Production install examples

These examples are starting points for production installs. They are not a substitute for environment-specific review, but they capture the manifests operators otherwise have to assemble by hand.

:::tip Guided install Use Production Install for the ordered production installation path. This page keeps larger snippets that are referenced from that guide. :::

When to use these examples

Example	Use when
Helm values overlay	Platform team installs the operator with monitoring and private images.
NetworkPolicy	Cluster enforces namespace or pod network boundaries.
Per-role credentials	New production failover group.
Full combined example	Reviewing all moving parts in one manifest set.

Helm values overlay

# values-production.yaml
replicaCount: 2

image:
  repository: registry.example.com/bloodraven
  tag: v0.1.0
  pullPolicy: IfNotPresent

imagePullSecrets:
  - name: private-registry

leaderElection:
  enabled: true

resources:
  requests:
    cpu: 250m
    memory: 256Mi
  limits:
    cpu: 1
    memory: 512Mi

metrics:
  service:
    enabled: true
  serviceMonitor:
    enabled: true
    interval: 15s
    labels:
      release: prometheus

grafanaDashboards:
  enabled: true
  namespace: monitoring

auxiliary:
  service:
    enabled: true
    type: ClusterIP
    wsAllowedOrigins: https://dashboard.example.com
    wsMaxClients: 100

Install with:

helm upgrade --install bloodraven bloodraven/bloodraven \
  --namespace bloodraven --create-namespace \
  -f values-production.yaml

If Argo CD owns CRDs separately, commit the CRDs under charts/bloodraven/crds/ or your platform CRD app and install the operator chart after that CRD app syncs.
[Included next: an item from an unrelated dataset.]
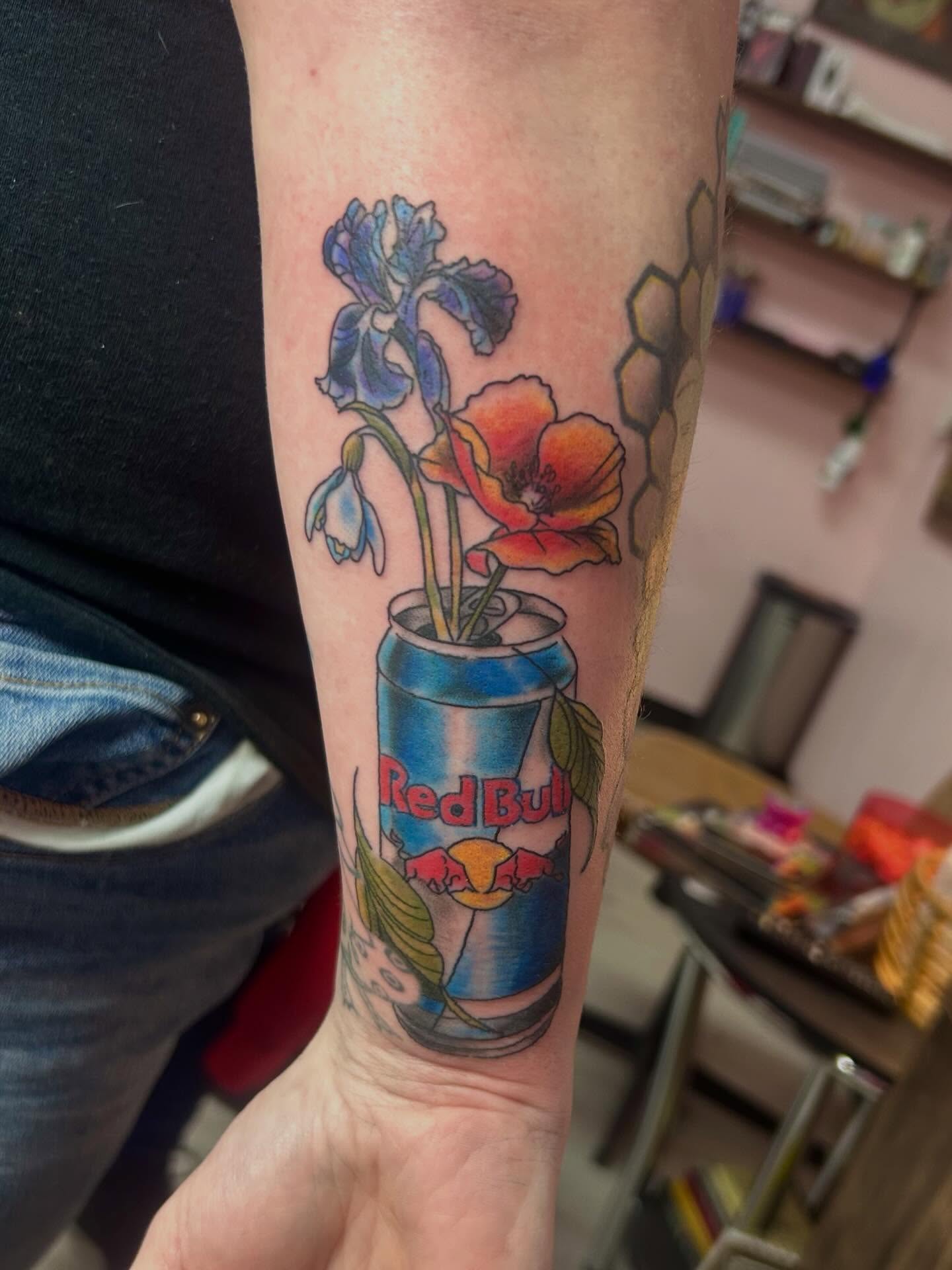 Flowers in Red Bull can realism tattoo on the forearm by Red✨, Gansevoort, New York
Helm installs chart CRDs on first install but does not upgrade them automatically.

NetworkPolicy

The auxiliary HTTP and sidecar HTTP endpoints are intentionally internal and unauthenticated. Restrict them to the operator, dashboard, and Prometheus namespaces that need access. The sidecar also needs to reach the operator auxiliary endpoint on :8082 for /active-site checks.

apiVersion: networking.k8s.io/v1
kind: NetworkPolicy
metadata:
  name: bloodraven-operator-ingress
  namespace: bloodraven
spec:
  podSelector:
    matchLabels:
      app.kubernetes.io/name: bloodraven
  policyTypes: [Ingress]
  ingress:
    - from:
        - namespaceSelector:
            matchLabels:
              kubernetes.io/metadata.name: monitoring
      ports:
        - protocol: TCP
          port: 8080
    - from:
        - namespaceSelector:
            matchLabels:
              kubernetes.io/metadata.name: bloodraven-dashboard
        - namespaceSelector:
            matchLabels:
              kubernetes.io/metadata.name: tenant-db
          podSelector:
            matchLabels:
              app.kubernetes.io/name: mysql
              app.kubernetes.io/managed-by: bloodraven
              shipstream.io/failover-group: orders
      ports:
        - protocol: TCP
          port: 8082
---
apiVersion: networking.k8s.io/v1
kind: NetworkPolicy
metadata:
  name: orders-mysql-ingress
  namespace: tenant-db
spec:
  podSelector:
    matchLabels:
      app.kubernetes.io/name: mysql
      app.kubernetes.io/managed-by: bloodraven
      shipstream.io/failover-group: orders
  policyTypes: [Ingress]
  ingress:
    - from:
        - namespaceSelector:
            matchLabels:
              kubernetes.io/metadata.name: bloodraven
      ports:
        - protocol: TCP
          port: 3306
        - protocol: TCP
          port: 8080
    - from:
        - podSelector:
            matchLabels:
              app.kubernetes.io/name: mysql
              app.kubernetes.io/managed-by: bloodraven
              shipstream.io/failover-group: orders
      ports:
        - protocol: TCP
          port: 8080
    - from:
        - podSelector: {}
      ports:
        - protocol: TCP
          port: 3306

Adjust selectors to match your chart labels and namespace layout. If your CNI defaults to deny egress, also permit the operator to reach MySQL :3306, sidecar :8080, the Kubernetes API, and DNS, and permit sidecars to reach the operator auxiliary Service on :8082.

PrometheusRule

apiVersion: monitoring.coreos.com/v1
kind: PrometheusRule
metadata:
  name: bloodraven-alerts
  namespace: monitoring
  labels:
    release: prometheus
spec:
  groups:
    - name: bloodraven.failover
      rules:
        - alert: BloodravenOperatorDown
          expr: up{job="bloodraven"} == 0
          for: 2m
          labels:
            severity: critical
          annotations:
            summary: Bloodraven operator is down
            description: No failover decisions run while the operator is unavailable.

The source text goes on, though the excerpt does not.